The US FDA has granted rare pediatric disease designation (RPDD) to opaganib (ABC294640) for the treatment of neuroblastoma.¹ The designation is in addition to an orphan drug designation (ODD) for the same indication that was previously granted by the FDA.

Together, these designations provide a suite of potential regulatory and financial incentives should the drug ultimately receive approval, including eligibility for a priority review voucher (PRV), 7 years of marketing exclusivity, accelerated development and review timelines, waiver of FDA Prescription Drug User Fee Act (PDUFA) application fees, and tax credits.

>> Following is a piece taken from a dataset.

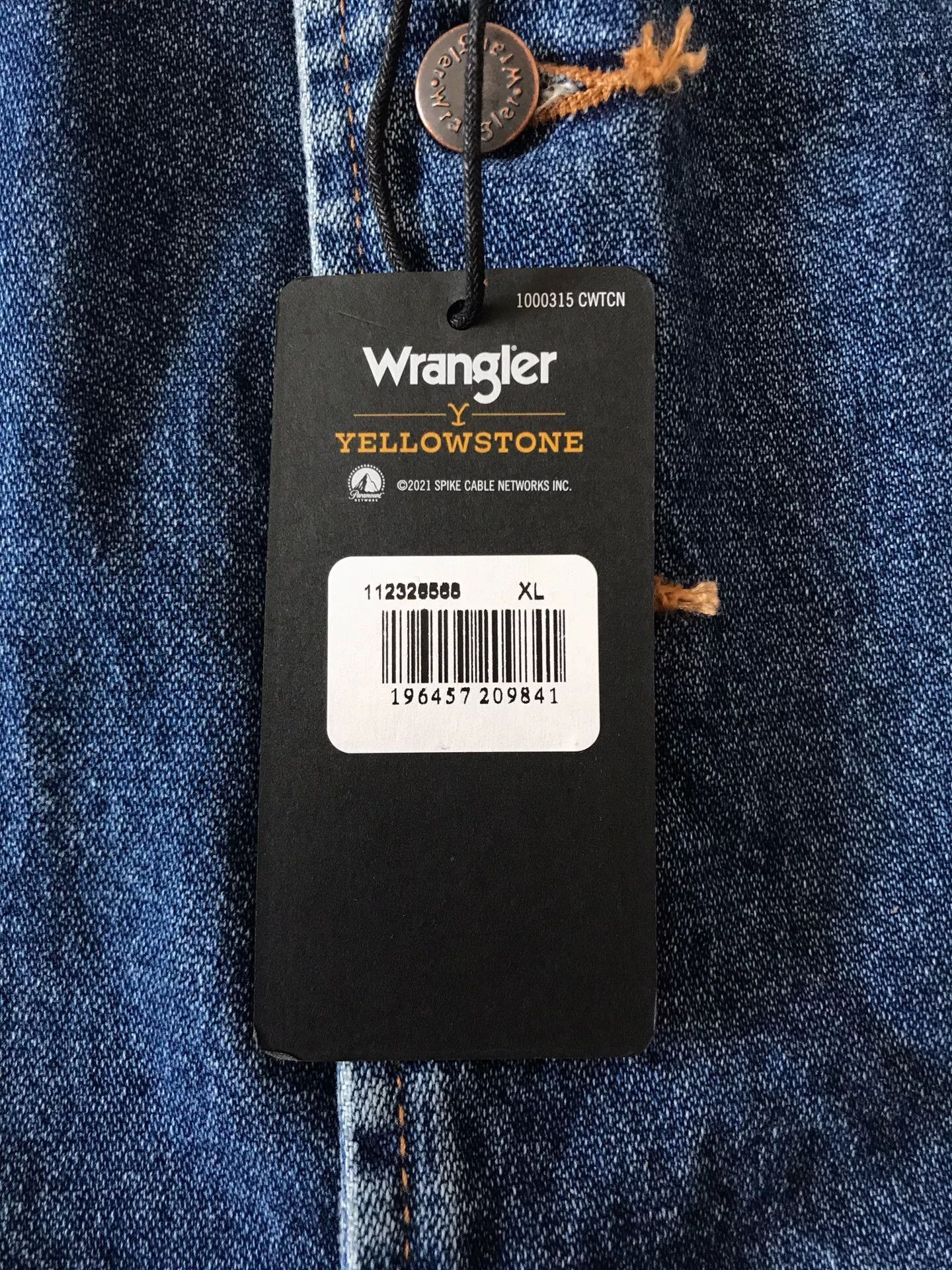 Wrangler Wrangler x Yellowstone Western Denim Vest Size US XL / EU 56 / 4 - 8 Thumbnail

Opaganib is a first-in-class, orally administered, selective sphingosine kinase-2 (SPHK2) inhibitor currently under investigation across multiple oncologic, inflammatory, metabolic, and antiviral indications. The drug functions through inhibition of 3 sphingolipid-metabolizing enzymes: SPHK2, dihydroceramide desaturase 1 (DES1), and glucosylceramide synthase (GCS). This leads to induction of autophagy and apoptosis and disruption of intracellular signaling pathways relevant to tumor growth and viral replication.^1,2

Neuroblastoma Disease Context

Neuroblastoma is a malignancy arising from immature sympathoadrenal neuroblasts and most commonly affects infants and young children. It is the most frequently diagnosed cancer in infancy and accounts for approximately 10% of all pediatric malignancies and 15% of pediatric cancer-related deaths in the United States.^3,4 Approximately 750 children in the US are diagnosed annually, and an estimated 5500 cases are diagnosed globally each year among children aged 0 to 14.⁵

The disease typically originates in the adrenal medulla but may arise from sympathetic ganglia in the thorax, abdomen, or pelvis. While low- and intermediate-risk disease is associated with favorable outcomes, approximately 50% of patients present with high-risk neuroblastoma (HRNB), which carries a 5-year overall survival rate of roughly 50%.⁶ MYCN gene amplification, present in 40 to 50% of HRNB cases, is an established driver of aggressive disease and an oncogenic target of therapeutic interest. Current standard-of-care regimens for HRNB include induction chemotherapy, consolidation with high-dose chemotherapy and autologous stem cell rescue, radiation, and immunotherapy with dinutuximab (Unituxin). Despite improvements in recent decades, this multimodal approach leaves substantial room for further efficacy gains in the relapsed and refractory setting.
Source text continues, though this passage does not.